Aponta à vida de sacrifício e à perfeição
final dessa auto-oblação na colina do Calvário.
Dito isto;
temos que passar a considerar o papel de Maria neste acontecimentos
salvíficos. Depois de tudo, ela é a que apresenta
a Jesus no templo; ou, mais corretamente, ela e seu esposo José,
pois ambos pais são mencionados. E perguntamos: Tratava-se
exclusivamente de cumprir o ritual prescrito, uma formalidade
praticada por muitos outros pais? Ou guardava uma significação
muito mais profunda que tudo isto? Os padres da Igreja e a tradição
cristã respondem que sim.
Para Maria,
a apresentação e oferenda de seu filho no templo
não era um simples gesto ritual. Indubitavelmente, ela
não era consciente de todas as implicações
nem da significação profética deste ato.
Ela não contemplar todas as conseqüências
de seu fiat na anunciação. Mas foi um ato de oferecimento
verdadeiro e consciente. Significava que ela oferecia seu filho
para a obra da redenção com a que ele estava comprometido
desde o princípio. Ela renunciava a seus direitos maternais
e a toda pretensão sobre ele; e o oferecia à vontade
do Pai. São Bernardo expressou muito bem isto: "Oferece
teu filho, santa Virgem, e apresenta ao Senhor o fruto bendito
de teu ventre. Oferece, para reconciliação de
todos nós, a santa Vítima que é agradável
a Deus'3.
Há
um novo simbolismo no fato de que Maria coloca a seu filho nos
braços de Simeão. Ao agir desta maneira, ela não
o oferece exclusivamente ao Pai, mas também ao mundo,
representado por aquele ancião. Dessa maneira, ela representa
seu papel de mãe da humanidade, e nos lembra que o dom
da vida em através de Maria.
Existe
uma conexão entre este oferecimento e o que acontecerá
no Gólgota quando serão executadas todas as implicações
do ato inicial de obediência de Maria: "Faça-se
em mim segundo tua palavra". Por essa ração,
o evangelho desta festa carregada de alegria não nos
exime da nota profética: "Eis que este menino está
destinado para a queda e ressurgimento de muitos em Israel;
será sinal de contradição, e uma espada
atravessará tua alma, para que sejam descobertos os pensamentos
de muitos corações" (Lc 2,34-35).
O encontro
futuro. A festa de hoje não se limita a nos permitir
reviver um acontecimento passado, mas nos projeta para o futuro.
Prefigura nosso encontro final com Cristo em sua segunda vinda.
São Sofrônio, patriarca de Jerusalém desde
o ano de 634 até sua morte, em 638, expressou isto com
eloqüência: "Por isso vamos em procissão
com velas em nossas mãos e nos apressamos carregando
luzes; queremos demonstrar que a luz brilhou para nós
e significar a glória que deve chegar através
dele. Por isso vamos juntos ao encontro com Deus".
A procissão
representa a peregrinação da própria vida.

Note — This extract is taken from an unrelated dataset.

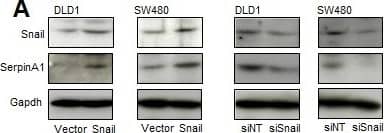 Serpin A1/alpha 1-Antitrypsin Antibody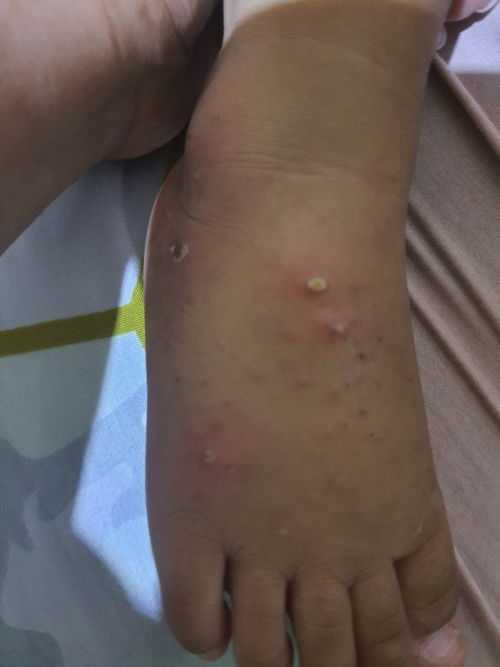 Bayi 11 bulan muncul melenting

O povo peregrino de Deus caminha penosamente através
deste mundo do tempo, guiado pela luz de Cristo e sustentado
pela esperanças de encontrar finalmente ao Senhor da
glória em seu reino eterno. O sacerdote diz na benção
das velas: "Que quem as levas para enaltecer tua glória
caminhemos no caminho de bondade e vamos à luz que brilha
para sempre".
A vela que
levamos em nossas mão lembra a vela de nosso batismo.

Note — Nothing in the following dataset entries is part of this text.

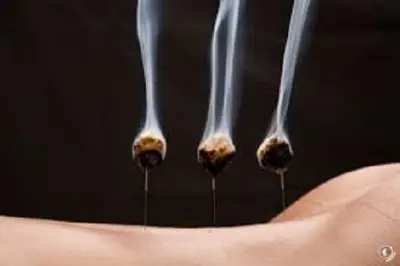 Bobenrieth Bénédicte, Sage Femme Acupuncture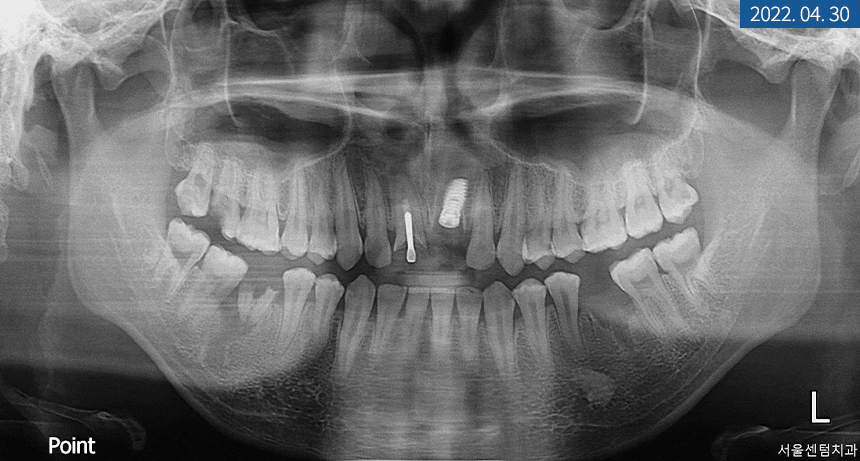 앞니 임플란트 식립으로 저작 기능을 끌어올린 증례 관련 이미지 5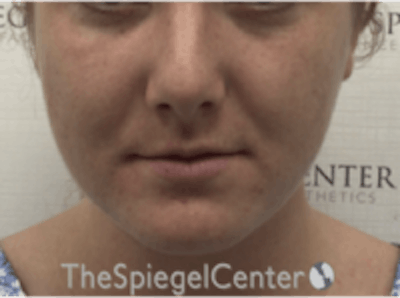Buccal Fat Reduction Before & After Gallery - Patient 164059 - Image 1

E o sacerdote diz: " guardem a chama da fé viva
em seus corações. Que quando o Senhor vier saiam
a seu encontro com todos os santos no reino celestial".
Este será o encontro final, a apresentação
, quando a luz da fé se converter na luz da glória.

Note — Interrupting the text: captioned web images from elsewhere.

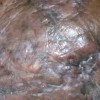 化脓性汗腺炎的预防方法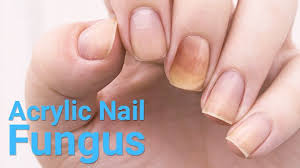 Nail polish remover and other nail treatments may contain chemicals that can make nails easy to break. How To Get Rid Of Acrylic Nail Fungus Love Your Nails Hc Beauty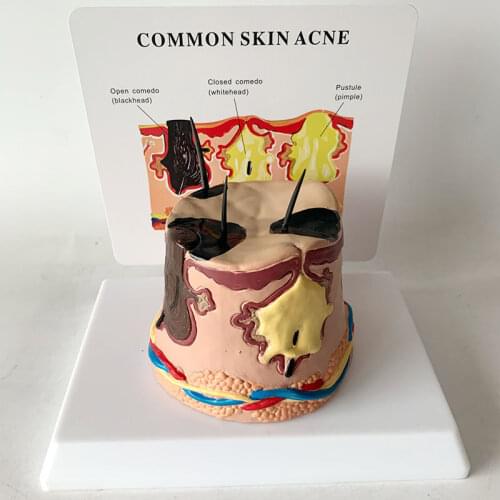 Skin structure anatomy model vinasse skin, inflamed skin, dark spots during hair growth, skin anatomical model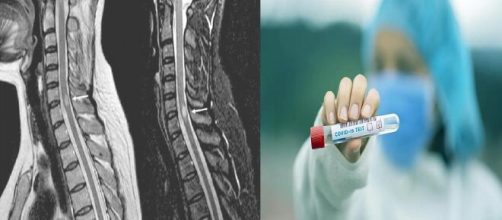 The New York Times se&ntilde;ala a la mielitis transversa como el posible efecto adverso de la vacuna de Oxford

Então será a consumação de nosso
mais profundo desejo, a graça que pedimos na pós-comunh4ao
da missa:
Por estes
sacramentos que recebemos, enche-nos com tua graça, Senhor,
tu que encheste plenamente a esperança de Simeão;
e assim como não o deixaste morrer sem ter segurando
Cristo nos braços, concede a nós, que caminhamos
ao encontro do Senhor, merecer o prêmio da vida eterna.